We have been told by the Crown advocate that the attitude of the Crown was that these exchanges were not evidence of reprehensible conduct. They were admissible in any event as part of the background. The Crown therefore had not served any notice of bad character as they were simply part of the background.
It is apparent from what we have been told today that Mr Trafford took the view that these were highly prejudicial and the judge should exercise his discretion not to admit them. He thought that the Crown wanted to adduce them under section 101(1)(c) of the Criminal Justice Act 2003 (CJA 2003) and he prepared a short written argument for the trial judge on that hypothesis. That occurred on the Friday prior to the commencement of the trial which was due to take place on the Monday.
Over the weekend it seems that the Crown had second thoughts. A written skeleton argument was prepared for the judge. It was not as clear as a judge should have expected, but it seems that the Crown were plainly taking the point that the exchanges did amount to reprehensible conduct and were admissible either under section 98 of the CJA 2003 as to do with the offence, or under section 101(1)(d) of the CJA 2003 as relevant to an issue in the case.
The background to what had happened perhaps explains the significant difficulties that the judge had when he came to give his ruling. It is a matter of some regret, we would suggest, that more thought and detailed consideration had not been given by the Crown to these documents. Mr Trafford was quite right to anticipate that they were prejudicial and quite right to anticipate that the Crown might want to adduce them as bad character evidence, even though that thought had not occurred to the Crown.
The ruling by the judge
It is clear that when the Crown presented its argument to the judge, the argument was not of the quality which it should have been in such a difficult case, bearing in mind the position of this young appellant and the relationship into which she had entered. It is evident from the judge's ruling that he did not entirely follow the argument that had been advanced before him. Having heard counsel for the Crown today, we are not in the least surprised at the difficulty the judge faced. Such a case plainly required much more experienced counsel.
The judge concluded, although it is not necessary for us to reach a view on this, that although the evidence was evidence of reprehensible conduct for reasons we shall explain in a moment, it was not within section 98. He took the view that there was not a sufficient nexus in time to make it admissible. The law as to that is well explained by Professor Spencer in his book, Evidence of Bad Character, at paragraph 2.31 of the third edition, and Blackstone 2017 at paragraph F13.10, and recent decisions of this court including that in R v Lunkulu and Others [2015] EWCA Crim 1350 at [94] to [100].

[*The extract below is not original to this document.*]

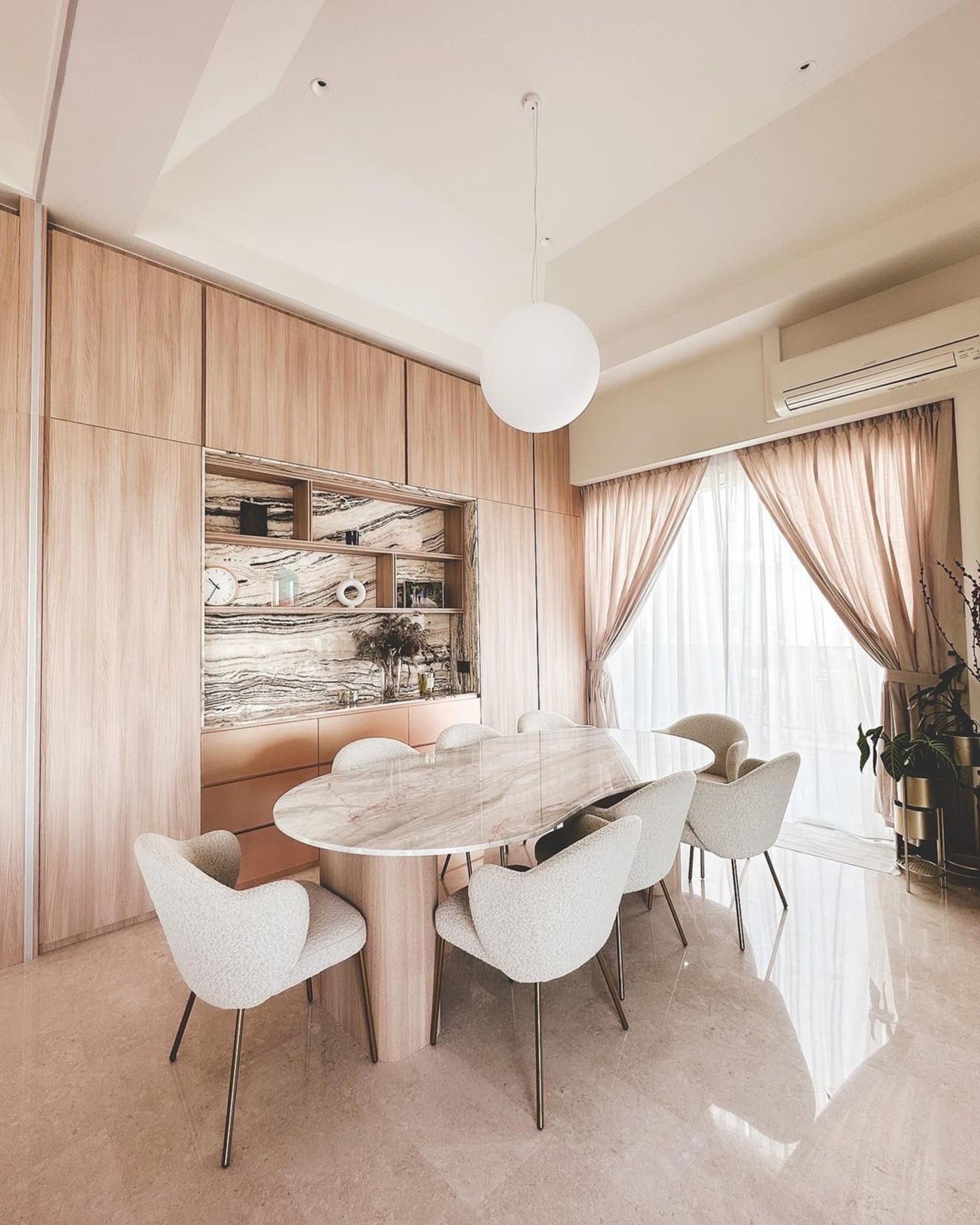 A marble dining table and 8 performance bouclé dining chairs.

The judge went on to consider whether it was admissible under section 101(1)(d). He took the view (and he had to for this purpose) that the Crown's submission that this was evidence of reprehensible conduct was, in fact, correct, contrary to the view that they had taken earlier. He considered that the exchanges we have set out were capable of being interpreted as evidence of reprehensible conduct, as a threat to stab would be. Whether or not they were, in the ultimate analysis, was for the jury to consider. The judge went on to hold that they were of sufficient probative value that they were relevant to the defence of accident, and potentially relevant to rebutting that defence. He then considered whether he should exercise his discretion to exclude them and concluded that it was not unfair to admit them.
The direction to the jury
The judge gave a very careful direction to the jury as to how they should use the messages. He said:
"There are a small number of messages which, if taken literally, include expressions of a wish or intention to 'stab' Damon. As you know, there is a disagreement about how you should interpret those messages. The Crown say that they are relevant to whether [the appellant] is telling the truth when she says she threw the knife and says she did not stab Mr Searson with it. They say that her use of the word 'stab' in those messages makes it more likely that what she did was just what and that her use of the word 'stab' helps you to be sure that this was not an accident, as she claimed. The defence, on the other hand, say that is complete nonsense and that the Crown are reading far too much into casual private message sent between close friends, which are just a figure of speech, to use [the appellant's] phrase, and that it is absurd to suppose that they were seriously meant.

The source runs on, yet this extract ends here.